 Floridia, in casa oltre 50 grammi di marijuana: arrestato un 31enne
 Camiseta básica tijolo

_ _ _ _ _ _ _

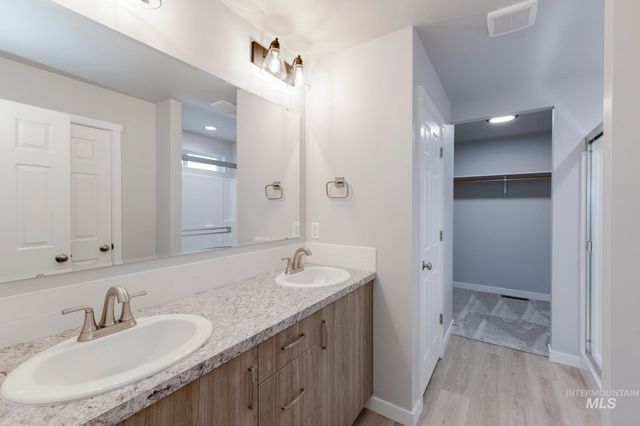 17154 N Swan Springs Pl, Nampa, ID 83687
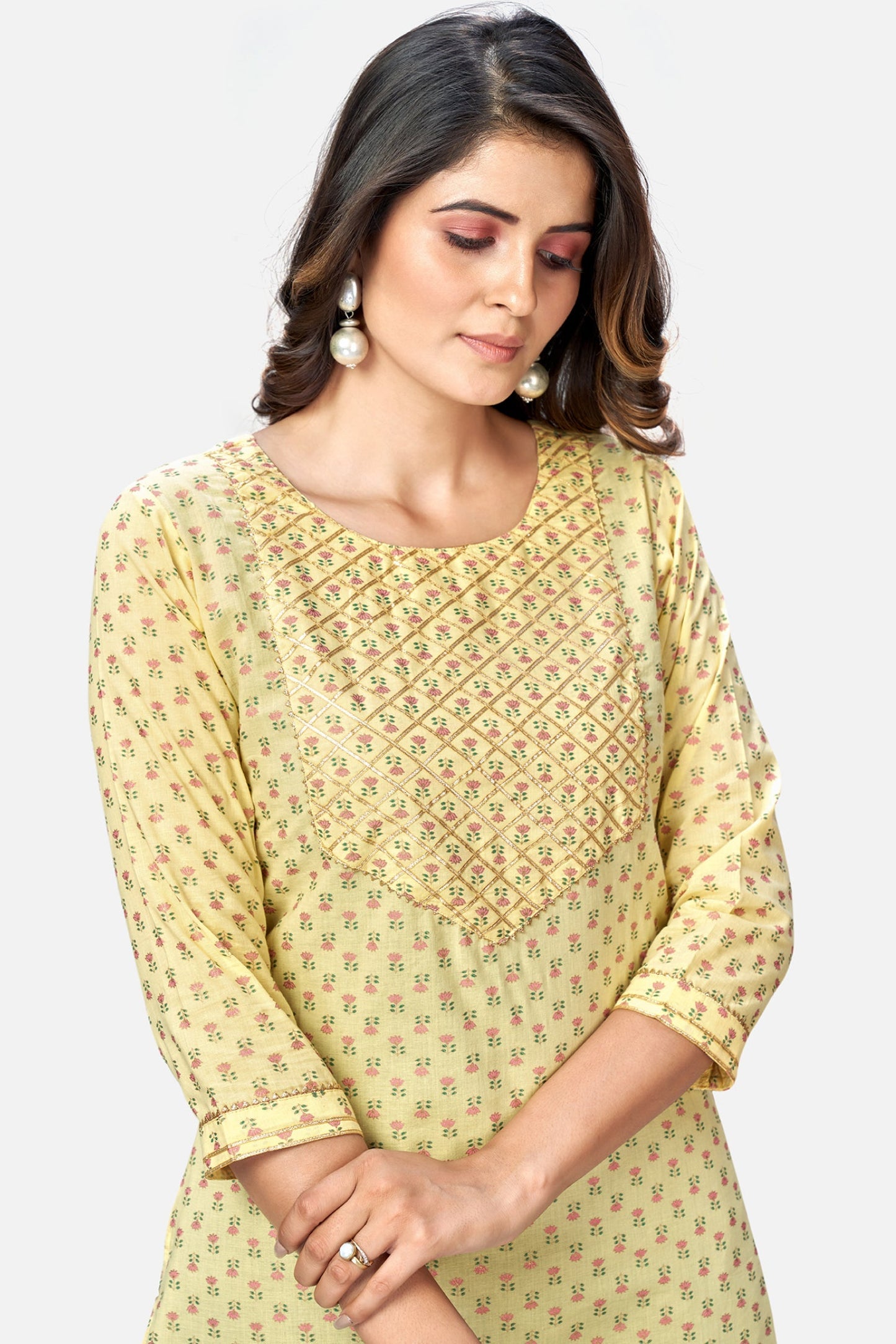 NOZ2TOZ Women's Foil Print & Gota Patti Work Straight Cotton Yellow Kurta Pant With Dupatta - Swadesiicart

_ _ _ _ _ _ _

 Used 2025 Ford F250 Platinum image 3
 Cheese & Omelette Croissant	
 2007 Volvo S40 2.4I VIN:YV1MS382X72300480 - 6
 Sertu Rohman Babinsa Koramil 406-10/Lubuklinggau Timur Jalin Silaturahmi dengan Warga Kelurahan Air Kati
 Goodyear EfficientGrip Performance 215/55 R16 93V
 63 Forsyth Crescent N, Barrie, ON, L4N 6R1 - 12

_ _ _ _ _ _ _

### WHAT THE TASK REQUIRES
All lines above from the one holding "Goodyear EfficientGrip Performance" to the one holding "63 Forsyth Crescent", inclusive, are to be copied exactly; no other line is wanted.

### ANSWER SPACE
 Goodyear EfficientGrip Performance 215/55 R16 93V
 63 Forsyth Crescent N, Barrie, ON, L4N 6R1 - 12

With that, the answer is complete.